Contracts for the supply or development of software will not fall within these statutory provisions for two reasons. First, software is almost invariably licensed rather than sold or transferred to the customer. A software licence is not a contract to which either statute applies. Secondly, in both of these statutes, ‘goods’ are defined as personal chattels (s61 of the 1979 Act; s18 of the 1982 Act). The codes, formulae or intellectual concepts which together constitute a program cannot be described as chattels and are therefore not ‘goods’.

It by no means follows that all computer contracts will escape the provisions of the two statutes. Hardware obviously falls within the definition of goods and is sold or transferred to the customer. Further, contracts for the sale or supply of equipment or even whole systems may nevertheless be categorised as contracts for the sale or supply of goods, even though software is an important part of what is delivered. For example a CD or any other disk will fall within the definition of goods. A person purchasing a disk on which, for whatever reason, the software is defective, will be entitled to complain that the goods purchased are not of satisfactory quality or fit for their purpose. At a more general level, it would appear that a computer system as a whole, including hardware and software, can amount to goods for the purposes of one or other of the above acts: see the decision of Rogers J in Toby Constructions Products Pty Limited v Computa Bar (Sales) Pty Limited [1983] 2 NSWLR 48.

Thus, although software itself does not constitute goods, if software is incorporated as an integral part of any article or equipment which does fall within the meaning of goods, a contract for the sale or transfer of such article or equipment in the course of business will attract the statutory implied terms. Defects in the software on which the proper functioning of the article or equipment depends may render that article or equipment as a whole unsatisfactory, unmerchantable or unfit for purpose.

Where statute does not apply, a court will nevertheless imply a term as to quality into a computer contract. In St Albans City and District Council v International Computers Limited [1996] 4 All ER 481, Sir Iain Glidewell stated that a contract for the supply of computer software will, in the absence of any term to the contrary, be subject to an implied term at common law that the software will be reasonably fit for its intended purpose (ie reasonably capable of achieving that purpose).

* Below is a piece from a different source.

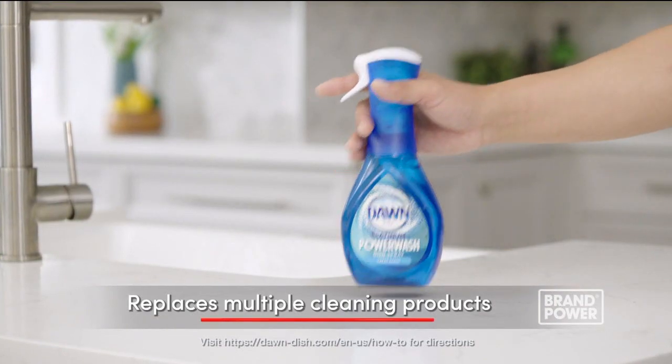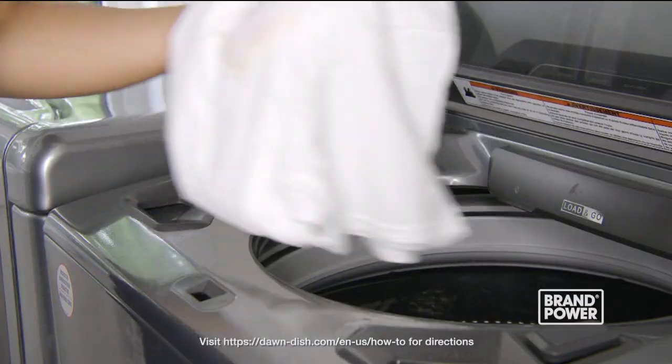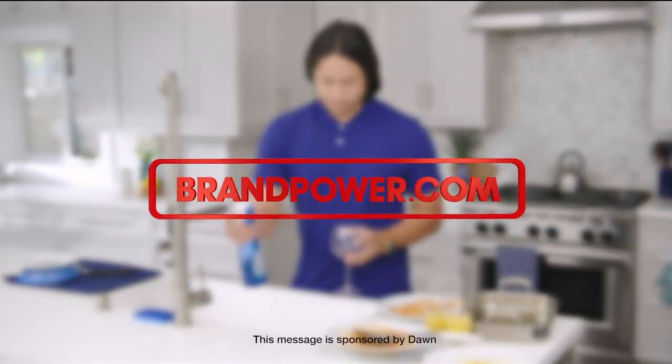Because it cleans so well, you can replace multiple cleaning products for counters, stoves, and even laundry stains. Try Dawn Power Wash Dish Spray — brand power.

The main distinction between the term which common law will imply and the terms which statute will imply lies in the extent to which such terms can be excluded. Whether an exemption clause is sufficient to exclude the operation of a term implied at common law is simply a question of construction. To exclude a term implied by statute will mean, even in a contract between commercial parties, that the test of reasonableness has to be satisfied (s2(2) of the Unfair Contract Terms Act 1977 (UCTA)).

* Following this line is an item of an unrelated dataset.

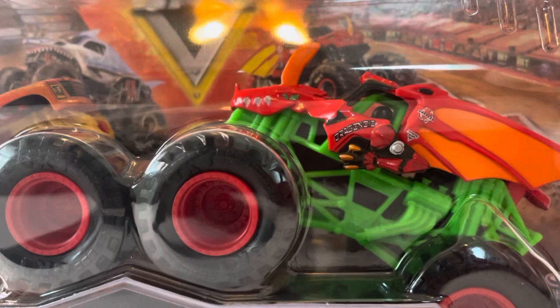The Spin Master product I'm reviewing is part of the Series 27 double packs — the first double pack assortment of 2023. It is the Bakugan Dragonoid 2-pack featuring the normal Bakugan Dragonoid alongside a brand new pickup truck variation of Bakugan Dragonoid. This was the last double pack I needed from Series 27. I found it today at Target.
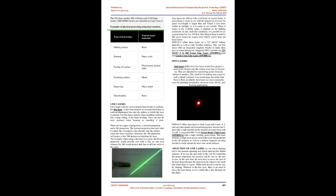The CO2 Laser Marker MLG Series and YAG Laser Marker MDH-9800 Series are classified as Laser Class 4.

In consumer contracts, however, any distinction between common law and statutory implied terms is irrelevant. By virtue of the Unfair Terms in Consumer Contract Regulations 1999 (SI 1999/2083) a ‘seller or supplier’ simply describes a person ‘who . is acting for purposes relating to his trade, business or profession’. The protections afforded to the consumer do not depend on whether the subject matter of the contract is ‘goods’ or ‘services’ or whether the legal rights which an exclusion purports to restrict arise by virtue of common law or statute. In consumer contracts falling within the Regulations, an unfair term (eg one which inappropriately excludes or limits the rights of the consumer vis-à-vis the seller or supplier) is simply not binding on the consumer (reg8(1)).

Standard of performance

By Section 13 of the Supply of Goods and Services Act 1982 it is provided that:

‘In a contract for the supply of a service where the supplier is acting in the course of a business, there is an implied term that the supplier will carry out the service with reasonable care and skill’.

Section 16 of the 1982 Act goes on to provide that, subject to UCTA, this duty can be ‘negatived or varied by express agreement, or by the course of dealing between the parties’. However, an express term does not negative the implied term ‘unless inconsistent with it’.

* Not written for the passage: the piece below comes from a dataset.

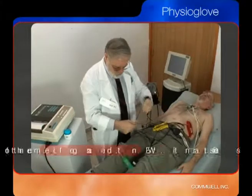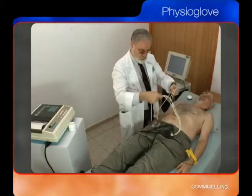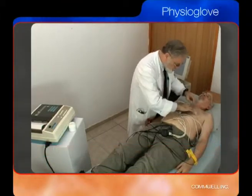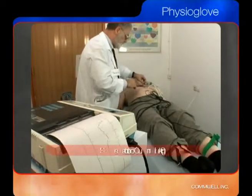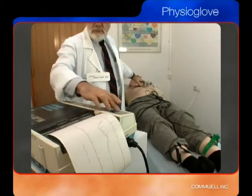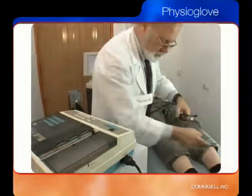It is a process that involves the constant entanglement of the lead wires, the lengthy practice of prepping the skin and placing the electrodes, the difficulties in securing skin contact of the electrodes, and common episodes of improper placement or swapping of electrodes.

Breach of a contractual obligation to carry out a service with reasonable care and skill is equivalent to a liability in negligence (for the purposes of UCTA this is expressly acknowledged in s1(1) of that Act).

Occasionally a tension may arise between, on the one hand, the term as to reasonable care implied by s13 of the 1982 Act and the terms as to quality implied either by statute or by common law. If the product delivered is of appropriate quality (or for that matter, of unsatisfactory quality) does the term as to reasonable care have any relevance? This issue is primarily relevant to damages and has tended to arise in the context of terms restricting the recovery of damages for breach. For example, in Pegler v Wang [2000] BLR 218 there was a term excluding liability for indirect, special or consequential loss ‘in connection with or arising out of the supply, functioning or use of the hardware, the software or the services’. In The Salvage Association v Cap Financial Services [1995] FSR 654 there was a term under which the supplier undertook to remedy free of charge ‘any faulty work arising from a serious failure to exercise . skills which is reported within one month after acceptance .’ and it was further provided that this liability ‘shall be in lieu of any warranty or condition of any kind, express or implied, statutory or otherwise relating to anything supplied or work done under or in connection with the contract’. In both of these cases, the court held that the contractual restriction on remedies only applied to loss or damage arising after delivery/acceptance of the system but did not cover damages for failure to comply with implied (or express) terms as to care and skill which occurred prior to delivery or where delivery never took place at all.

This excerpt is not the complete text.